Regardless of their origins, isolated sand dunes throughout the North American deserts were created very recently on a geologic time scale, probably within the Pleistocene Epoch. These dunes created a new albeit challenging habitat for animals and plants to colonize. The primary challenge was a habitat surface that was in motion with every gust of the wind. How could plants become established, and without plants how could animals survive? As impossible as it seems, nature repeatedly devises solutions regardless of the challenge. Today, every one of those isolated dune systems is inhabited by beetles, spiders, crickets, lizards, and plants found nowhere else on earth, each endemic to its own dune system. With modern genetic analyses, even species that look like those found on dunes elsewhere are being found to be unique to the dunes upon which they live.

The granitic sand dune system of the Coachella Valley is no exception. There is the Coachella Valley milkvetch, the Coachella Valley giant sand treader cricket, Barrows’ dune beetle, and the Coachella Valley fringe-toed lizard, each found nowhere else on earth. Except that those original one hundred square miles have been reduced to less than a mere 4-5 square miles, fragmented into small patches around the valley.
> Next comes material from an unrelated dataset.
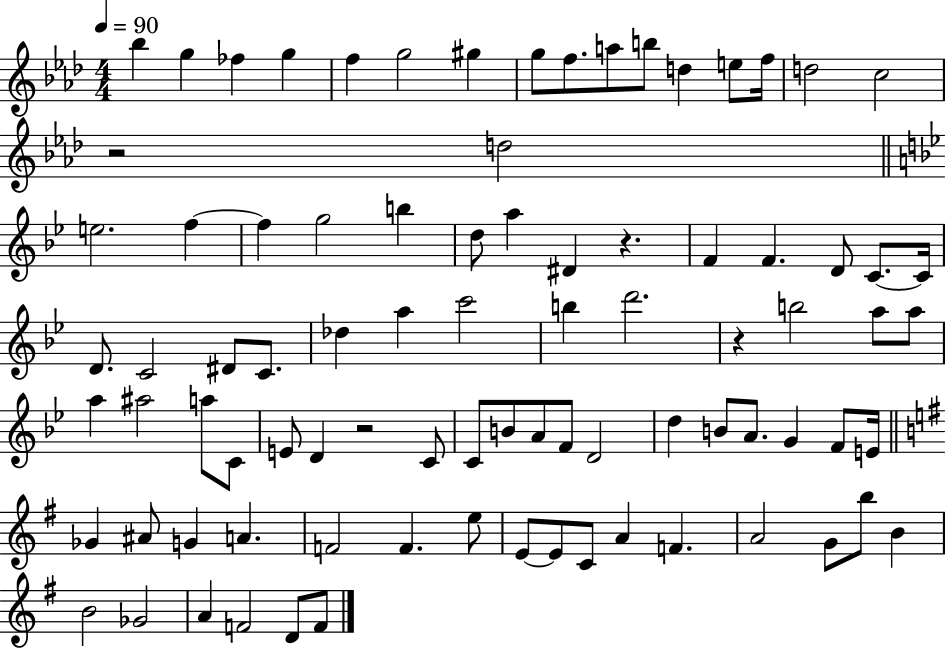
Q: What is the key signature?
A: AES major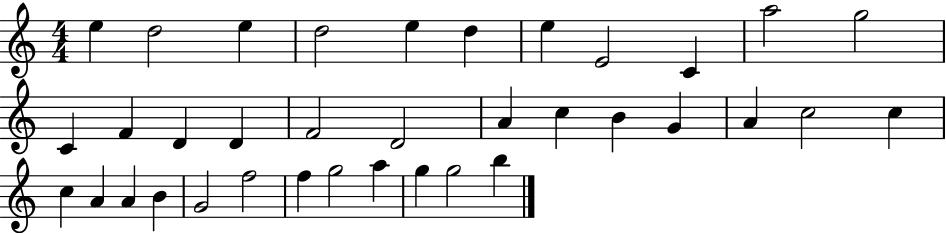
E5/q D5/h E5/q D5/h E5/q D5/q E5/q E4/h C4/q A5/h G5/h C4/q F4/q D4/q D4/q F4/h D4/h A4/q C5/q B4/q G4/q A4/q C5/h C5/q C5/q A4/q A4/q B4/q G4/h F5/h F5/q G5/h A5/q G5/q G5/h B5/q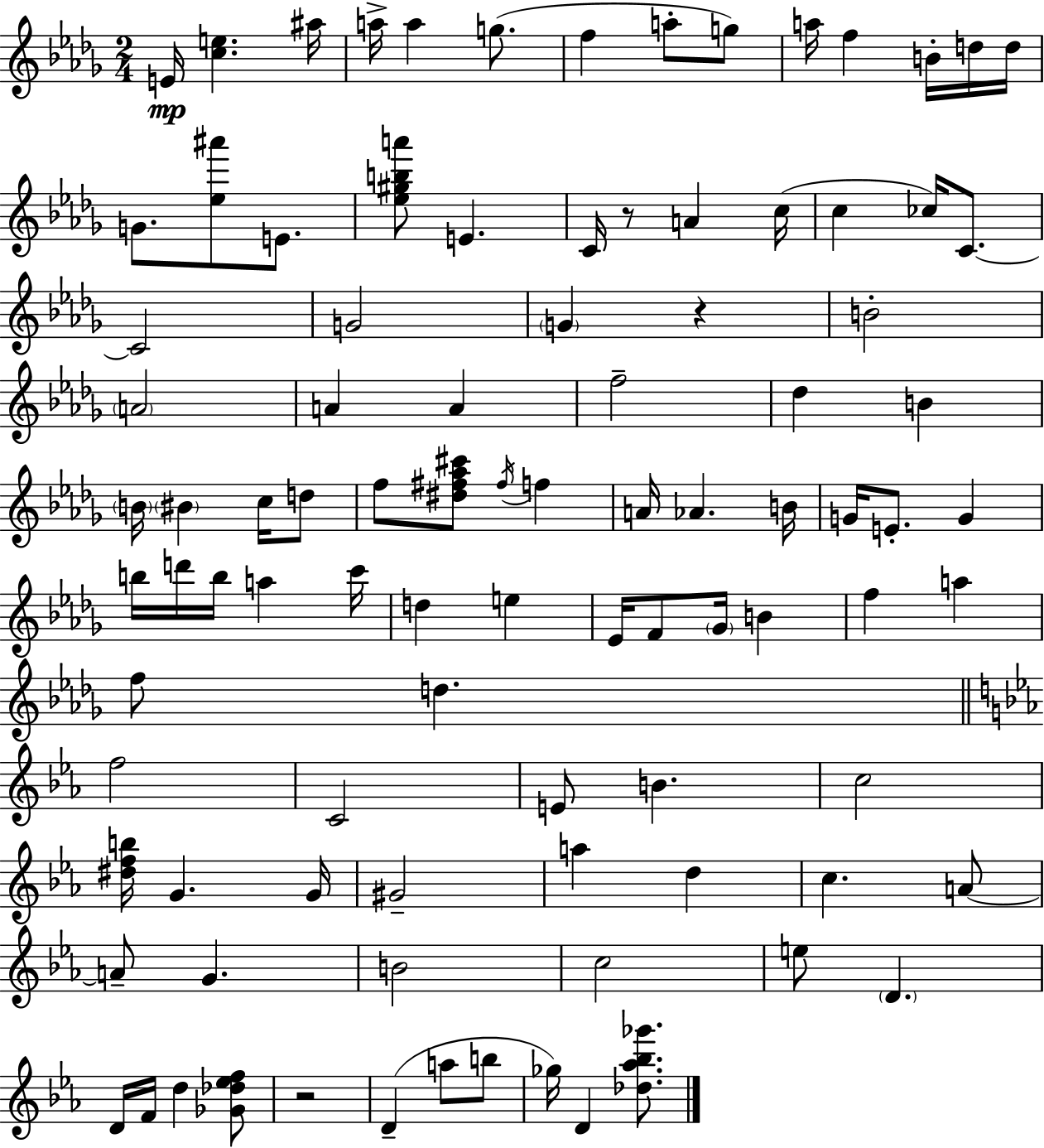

Those remaining fragments are largely protected; however, they still require regular inputs of new sand to keep from becoming stabilized. The adaptations dune animals and plants have developed to thrive on active sand dunes are of no value once a dune becomes stabilized. Time and time again we have watched as small dune fragments have become stabilized. Within just a few years, the dune lizards, beetles, crickets, and plants are all gone. The corridors supplying new sand critical to sustaining an active dune habitat are much less protected and are under siege by people expecting nature to be subdued, to ease their frustration with annoying blowing sand and occasional flooding. The task of ensuring that we continue to be able to share this planet with all of nature, is an on-going, never-ending task.

Nullius in verba

Go outside, tip your hat to a chuckwalla (and a cactus), think like a mountain, and be safe.